その為、旧札や旧硬貨、汚れていたり曲がってしまったりしたものや、何らかの事情で削れてしまった硬貨、海外のお金が混じっていた……といったことがあると、レジはエラーで自動的に弾いてくれる様になっています。
セルフレジが対応していない旧札や旧硬貨の場合、店員が好意で両替用として用意してあるお金と交換するお店もあるのですが、今回はそんな店員の判断で交換してくれるお店でトラブルが発生しました。
■ 偽札かも……アルバイトの子からの相談筆者がコンビニの現場にいつもの通り出勤したところ、不安げな顔をしたアルバイトの子から「一回り小さい1000円札をお客さんから受け取ってしまった。もしかしたら偽札をお客さんから受け取ってしまったかも……」と相談を受けました。
まさかと思い、受け取った1000円札を自分の持っているお札と比較してみると、確かに一回りくらい小さい……。え?こんなにお金のサイズが違うことってあるの?と驚きつつ、テストで自動釣銭機にそのお金を入れてみるも、エラーで弾かれてしまいます。

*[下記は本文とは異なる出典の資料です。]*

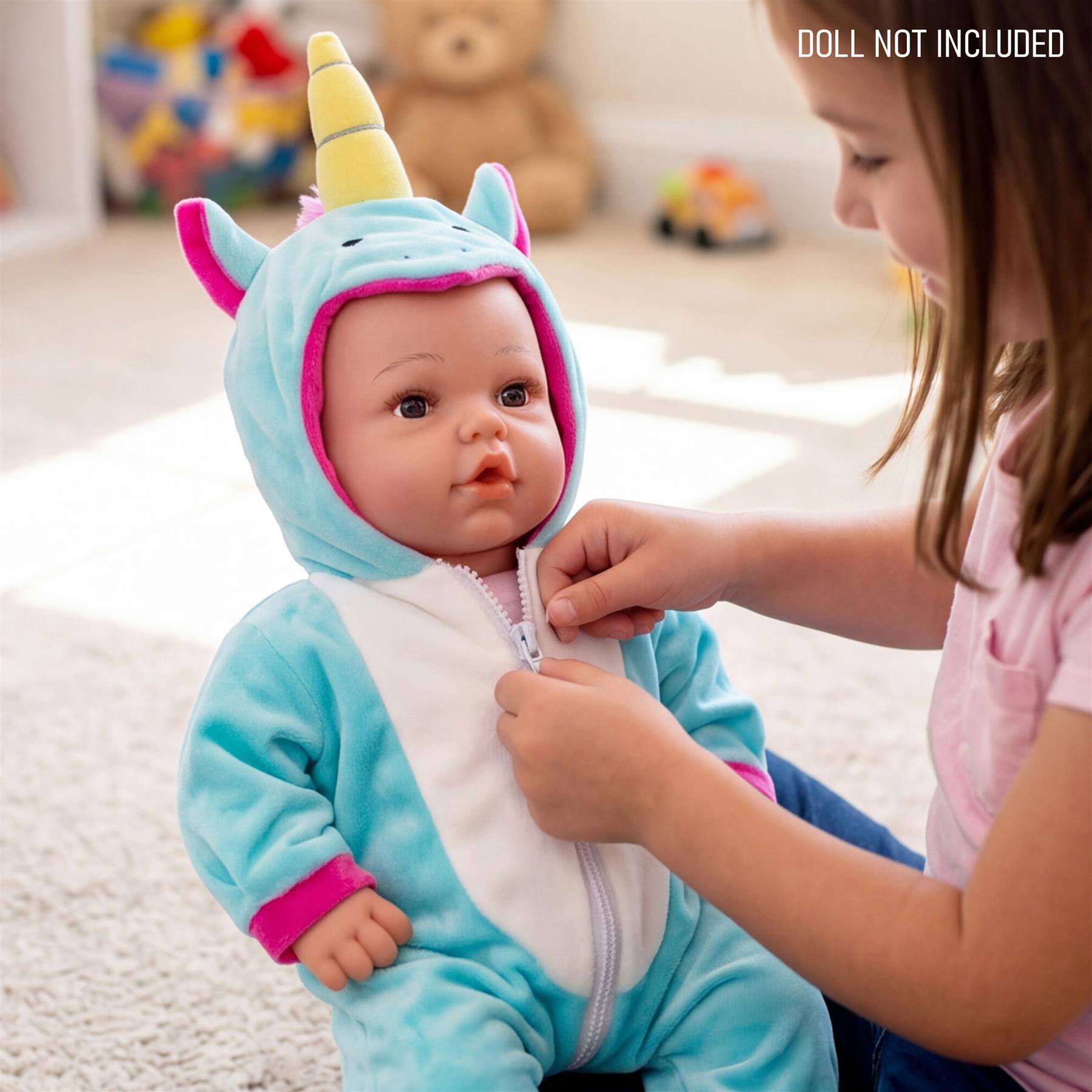 A young girl adjusts the blue and white unicorn hooded outfit on a reborn doll.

エラーの内容としては「汚れか皺かでお札として認識できません」というものでした。確かにそのお札をよく見ると、皺だらけになっているし、明らかに濡らしてから一気に乾かした様な跡もありました。
洗濯機か何かでやってしまったのでしょうか。もしくは大雨で財布ごと濡れてしまい、ドライヤーで一気に乾かしたか。そんな感じで、事件性はないだろうという判断をしました。
■ 銀行へ相談すると「交換可能」とはいえ、サイズが明らかに違ってはいましたし、私も怖くなってきたので、いつもコンビニの釣り銭の両替でお世話になっている銀行に問い合わせをしたところ、
「洗濯機に入れて乾燥すると縮んでしまうんですよね。交換可能ですよ」
との回答を頂きました。
話をうかがうと、1か月に1回程度は汚れや縮みによる問い合わせがあり、全ての店舗ではないものの実際に交換対応はしているので、まずは銀行に相談してくださいとの事でした。

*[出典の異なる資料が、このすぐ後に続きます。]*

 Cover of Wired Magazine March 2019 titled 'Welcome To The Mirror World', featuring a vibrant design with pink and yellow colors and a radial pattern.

その際は、お札の損傷や縮み具合で、日本銀行に回して鑑定にかけ、後日振込という流れになり、身分証明書や印鑑も必要になる場合もあるそうなので、事前に最寄りの銀行に連絡をした方がスムーズになるそうです。筆者は売上金がマイナスにならずに良かった、と変なところで一安心していました。
■ 実際にどのくらい違うのか一安心したところで、どのくらい大きさが違うのか気になってしまい、測ってみたところ横が5mm、縦が4mm縮んでいました。地紋も微妙に圧縮された感じになっています。

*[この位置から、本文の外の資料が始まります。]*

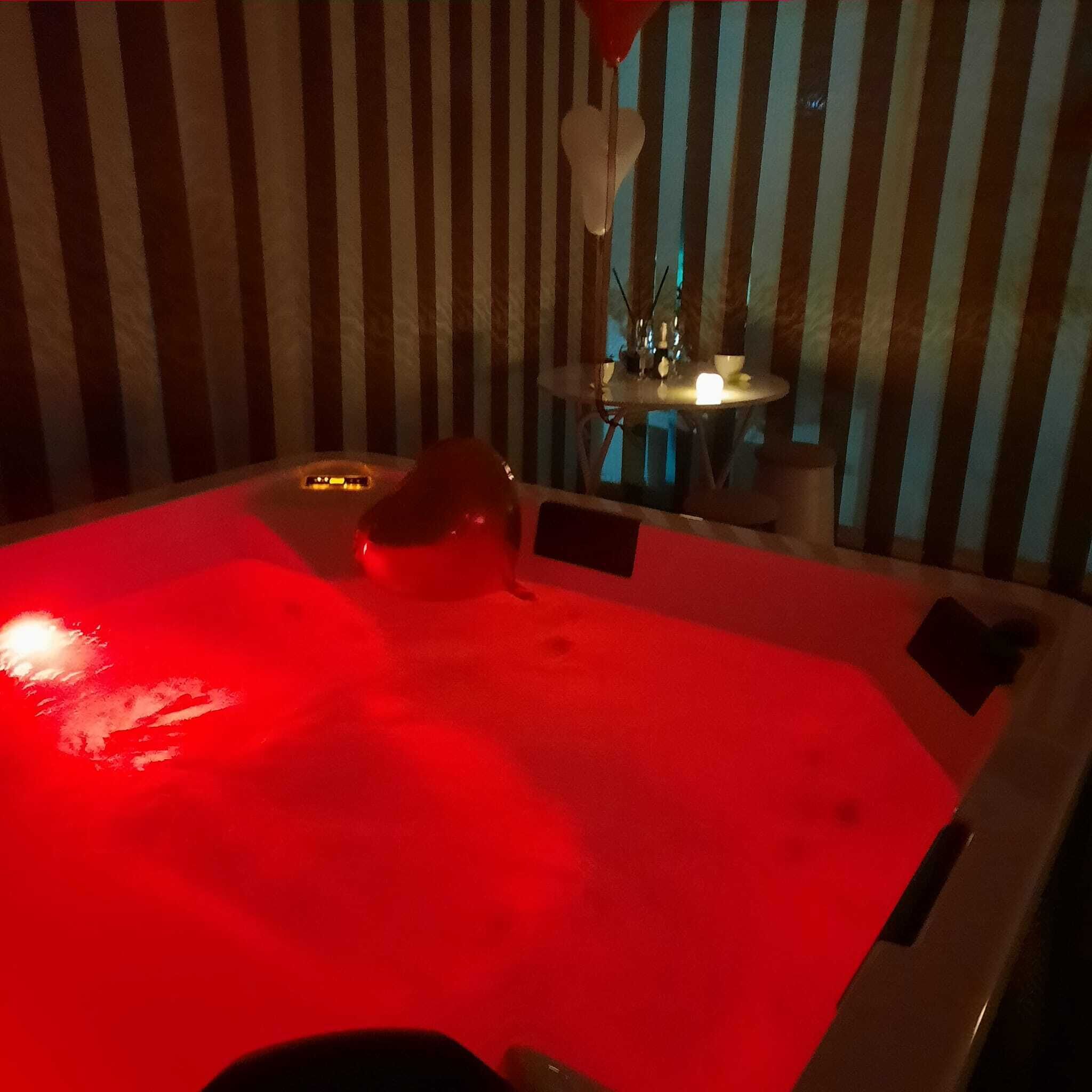 A hot tub with a red light, a small table with a candle, and striped wallpaper.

見た目でも分かるくらい、結構縮んでいるように感じますが、実際に数字で見るとこんなに縮んでしまうのかと驚きが隠せません。乾燥させる過程で、紙の繊維がギュッと圧縮されてしまったんですね。銀行によると、実際にここまで縮んでいるケースは珍しいとの事でした。
■ 縮んだお金でやってはいけないこと他にも銀行で注意されたことは「縮んだお札は、自動販売機やATMで使用してしまうと詰まりや故障の原因になるので、絶対にテストとしてでも機械に通さないでくださいね。自分の所のお店でもですよ」と言われてしまいました。
意図的にそういった明らかに異常があり、機械に通りそうにもないお金を入れた場合、機械の中で詰まってしまい修理代を請求されることもあるようです。絶対に入れないようにしましょう。筆者もその後上司に怒られてしまい、身の縮む思いをしました。
本稿では「お札は濡らして急激に乾かすと縮む」という、普通に生活をしていく上では得ることの少ない知識を紹介しました。コンビニの1店員としては、そういったお札をセルフレジでの支払いに使うとレジが壊れてしまうので、まずは店員に相談をお願いします。それでレジが壊れた場合、大変なことになってしまうので……よろしくお願いします。